While many in the industry like to say that HMB SSDs are as fast as their DRAM-equipped alternatives, they are not. Instead, these are usually considered a value technology because it removes the DRAM package from a SSD and also can reduce the physical footprint of a drive.

Still, most major manufacturers have HMB SSDs in the market, so this is a technology that we expect to see for some time. It is also one that will become more interesting as servers enter the CXL era and the relatively rigid structures of where memory sits in a system become flexible.


  1. I’m not sure I understand the point of a HMB. The host system already has a disk cache in memory, so writing to files is seen as fast by applications because the writes just go to system memory already. Then in the background the host OS sends that data from system memory to the SSD which then writes it to flash.

    It sounds like with this technology, the SSD allocates a block of memory on the host, so when the host sends data from system memory to the SSD, the SSD puts it back into system memory but in its own area, and then later writes it to the flash.

    This seems like a solution that would only benefit very old operating systems that don’t have a disk cache or don’t use it very well. On a modern OS I would’ve thought dispensing with the DRAM completely and just having a slow DRAM-less SSD would be fine, as the host OS would still store all writes in memory and send them to the SSD at a lower rate in the background.

    Maybe you just have to configure the OS to lie about data safety and claim to the application that the data has been written to disk when it’s still in the cache, which appears to be what HMB does?

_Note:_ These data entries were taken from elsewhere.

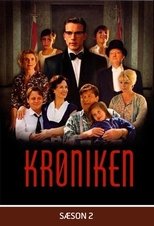 Temporada 2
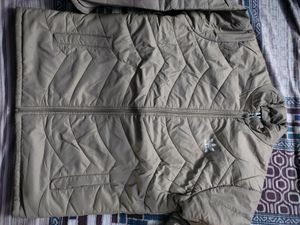 Jacket For Men And Women Anyone Can Wear This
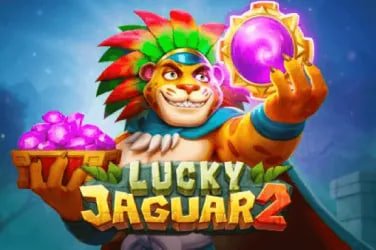 32win29 Esports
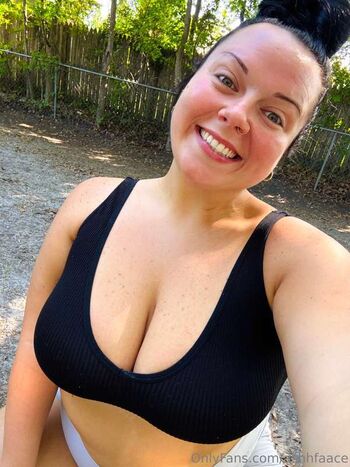 Full leaked Ashtyn morgan private photo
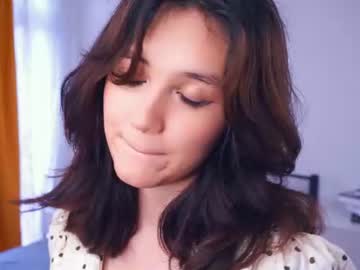 lahomakarin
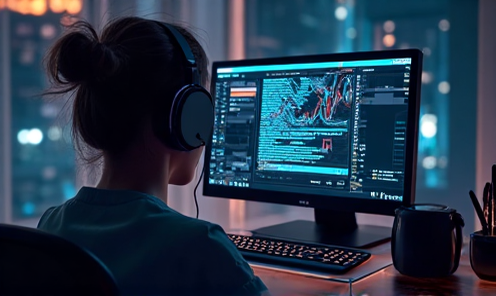 Claude Mythos Preview预览版相关图片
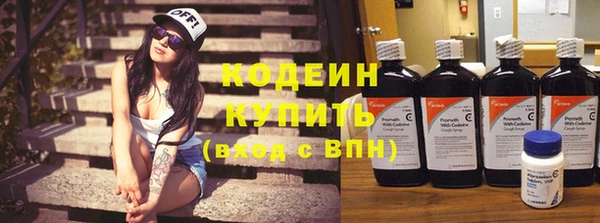 PSILOCYBIN Новодвинск
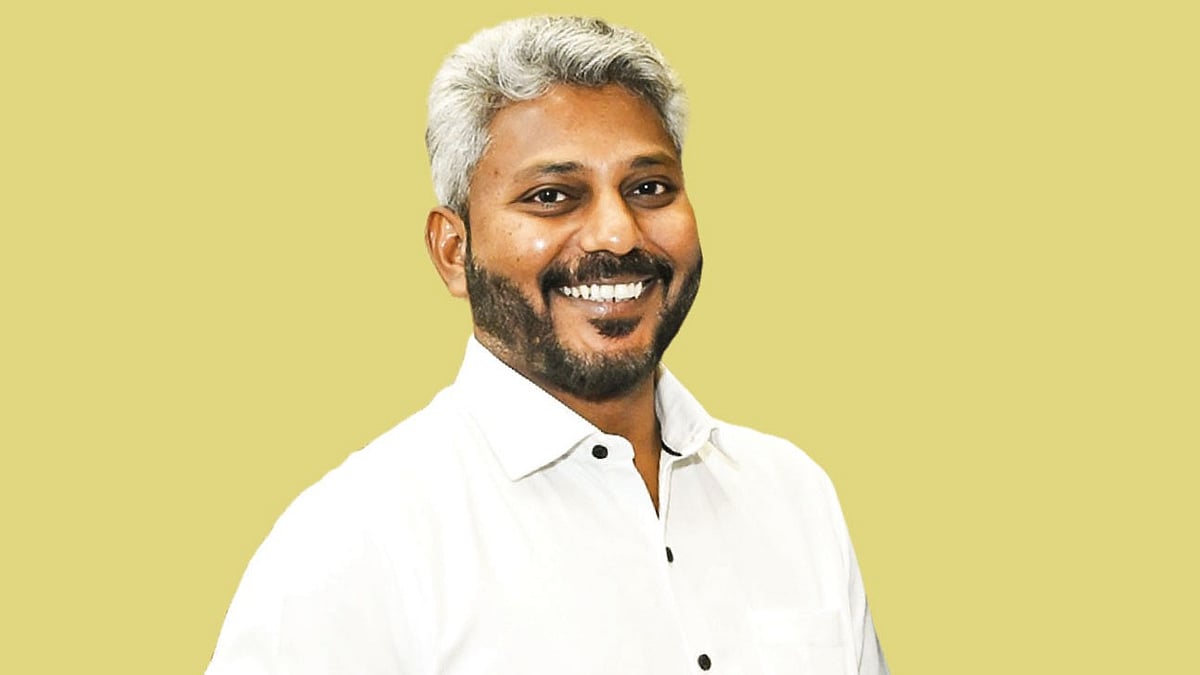 மரிய வில்சன்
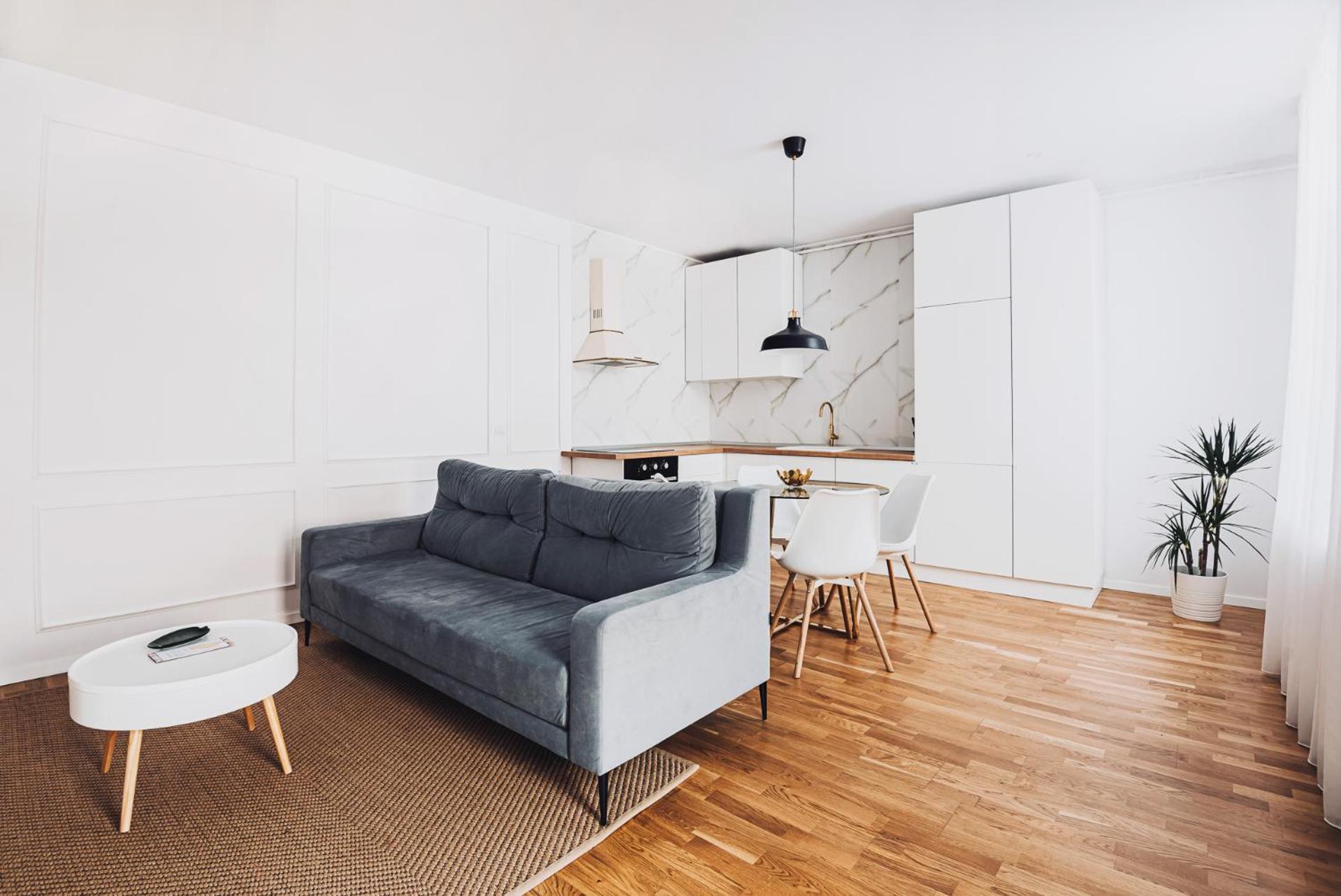 Voya Nordic Apartment-A Luxury Oasis In The Old Town Braszów Zewnętrze zdjęcie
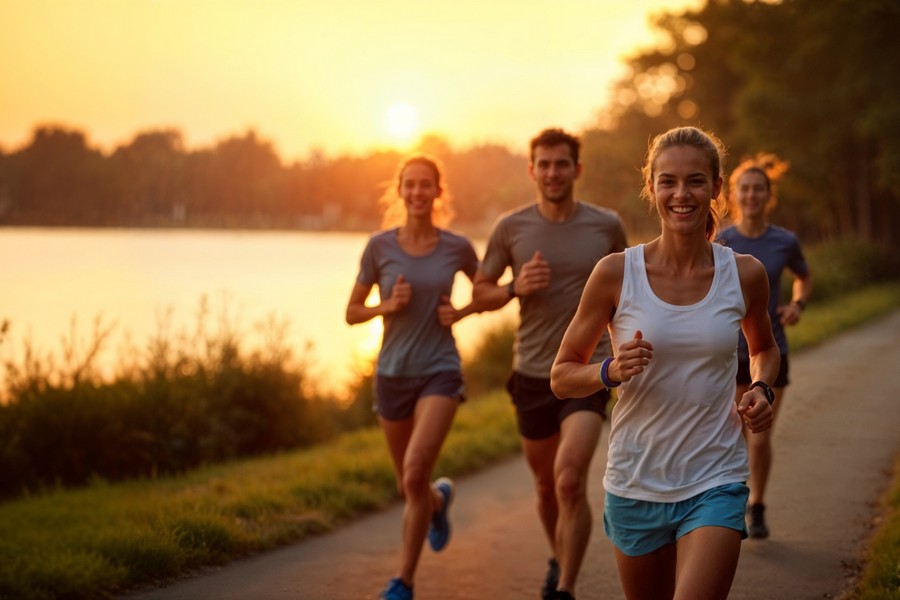 baluartv.com.br | Pequenos negócios recebem linha de crédito com juros reduzidos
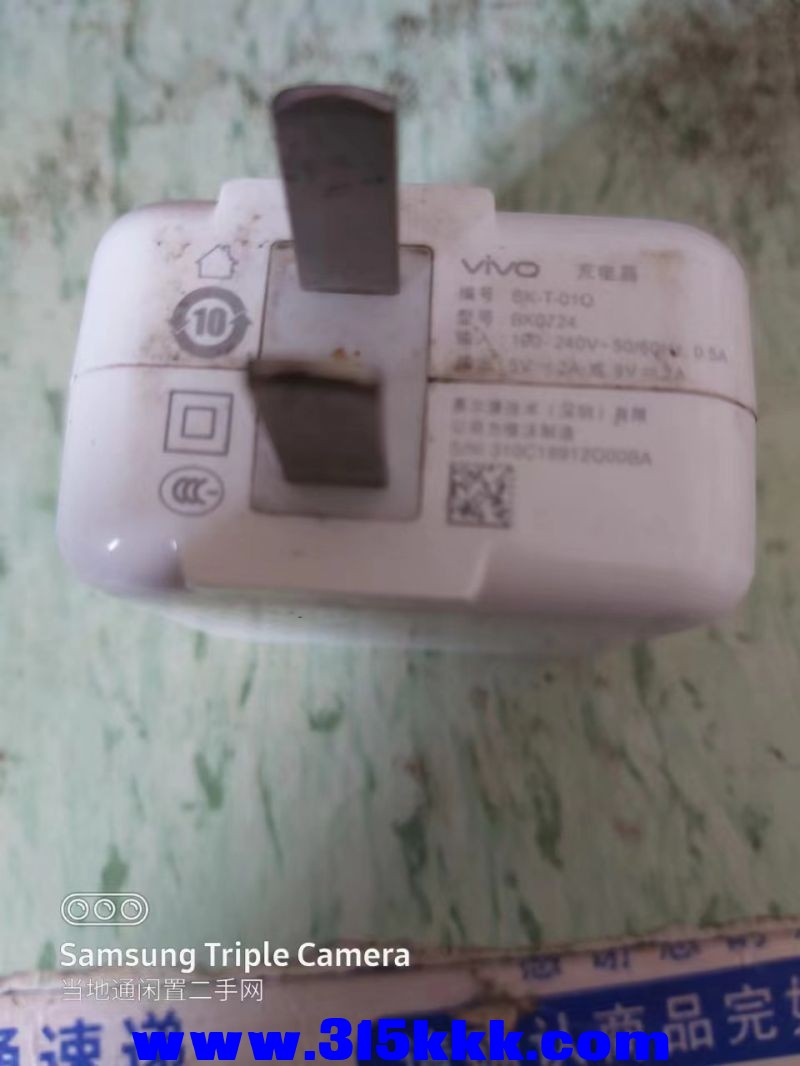 微信图片_202407020920352.jpg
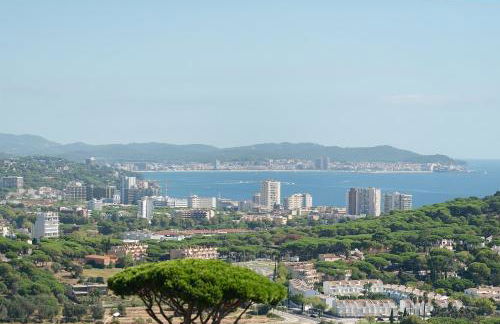 WELCS APARTAMENTO 284 PDA con terraza y vistas - Foto 47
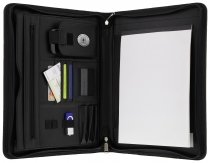 Conférencier Douglas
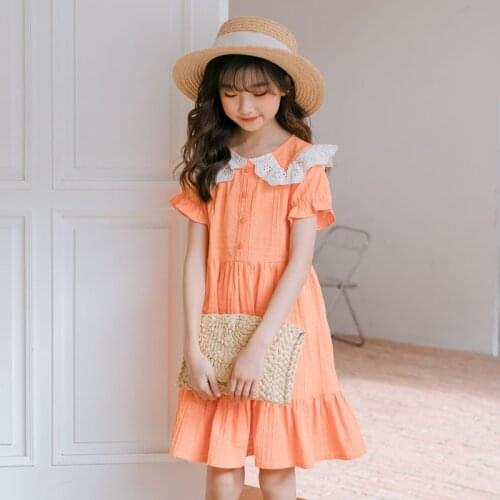 Doveark Party Dresses For Girls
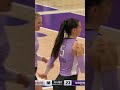 HUSTLE, Nguyen!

    Or am I missing something?

  2. Just to add, it looks like it also uses memory to store a sector mapping table. But surely it would be better to just let the host manage that directly? There are already filesystems like UBI that deal with wear-levelling on NAND chips so you’d think the host OS could easily manage that as well, if it was just given an interface to read from and write to the underlying flash directly.

  3. It would be possible for the host to manage all this once the SSD stops pretending to be a hard drive with 512B or 4KiB writable sectors. The problem is also similar to what is encountered with SMR disks, great pains are taken to hide the underlying storage infrastructure for the sake of backwards compatibility. Host-managed flash and SMR HDD is still quite the niche technology although I believe this could work quite well with for example object storage or the like, it’s not unlikely the major cloud providers are already doing it this way.

    However this has no place in a low priced laptop or desktop that has to support Windows. It would be interesting though if it were possible to just switch the drive to host-managed mode, that could drive some real innovation.

  4. @malvineus: looks like you didn’t read the article carefully. it stated that “the most important function that DRAM performed in SSDs for generations was as the L2P (logical to physical) table”, not write buffer.

  5. Wasn’t NVMe Zoned Namespace supposed to take care of a lot of this?

    Or was I into the wrong brownies again?

  6. From a security standpoint I wonder if there is a risk of having a caching table stored in a shared memory space, how exploitable or corruptable that could be compared to an internal ssd dram.